Pakistan denies role in ‘heinous crime’ in Mumbai
November 28, 2008
Indian officials said they believe “elements in Pakistan” are somehow involved in the attacks on Mumbai — a claim Islamabad disputes — but one official said it will be difficult to ascertain details before the situation is over.
“The preliminary investigation indicates that some elements in Pakistan are involved,” said Pranab Mukherjee, India’s foreign affairs minister.
“I can’t tell you the details since the investigation is going on,” he said. “Until the investigation is complete, it will be difficult to say where they came from and how they came.”
Indian Prime Minister Manmohan Singh also indicated that the gunmen came from Pakistan’s largest city, Karachi, in a telephone call with his Pakistani counterpart Friday.
Karachi police have said they have no evidence the attackers departed from their city.
Pakistani Prime Minister Yousuf Raza Gilani condemned the “heinous crime” and said he would send the chief of his country’s intelligence agency to help with the investigation.
A group calling itself the Deccan Mujahedeen has claimed responsibility for Wednesday’s coordinated and deadly attacks in southern Mumbai, but security analysts know next to nothing about the group, and some discount its claim.
Intelligence officials from India and beyond are trying to determine who the attackers were and what their motivation was. The attacks left at least 155 people dead and more than 300 injured at a nine sites across Mumbai.
“Deccan Mujahedeen seem to be this amazing group that has come out of nowhere, that has been operating under the radar for all this time, yet able to mount such a sophisticated and well-coordinated attack,” security analyst Will Geddes said.

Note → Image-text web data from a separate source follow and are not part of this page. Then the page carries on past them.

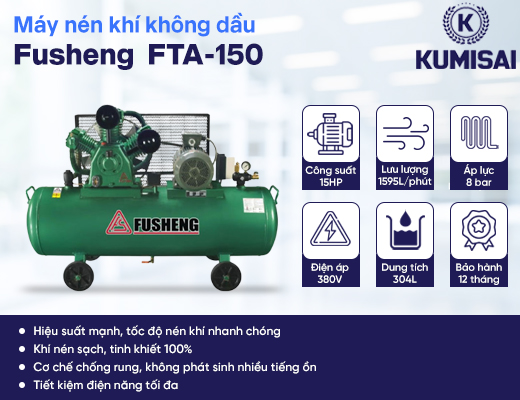 Máy nén khí không dầu Fusheng FTA-150 - 2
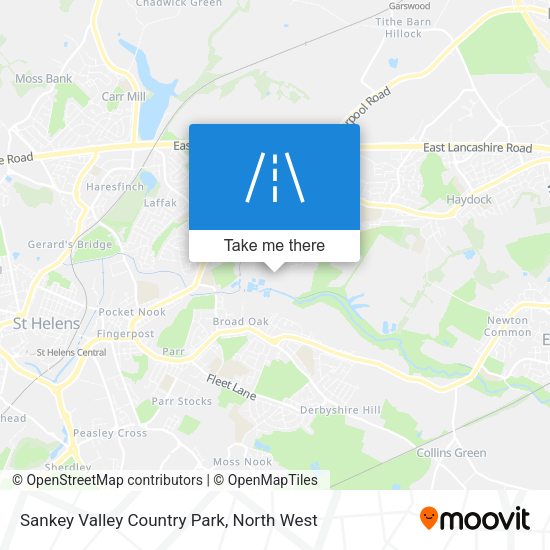 Sankey Valley Country Park map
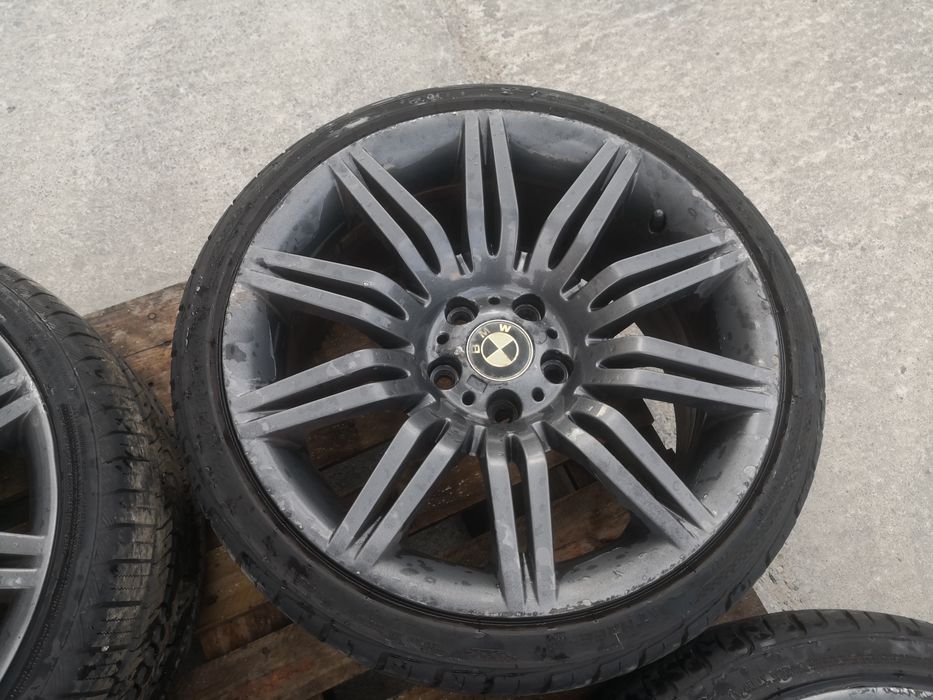 Alufelgi BMW e60 e61 Mpakiet Spider 19" oryginał z oponami 8.5J 9.5J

One highly placed intelligence official who has been briefed on the attacks said that the head of the operation is a Bangladeshi and that the militants are Indians, Kashmiris and Bangladeshis. The Indian military has sustained a large number of casualties, the source said.
A U.S. counterterrorism official said the level of sophistication in the attack leads officials to believe that it might be tied to Lashkar-e-Tayyiba (Army of the Pure), an Islamic extremist group that has carried out previous attacks in India.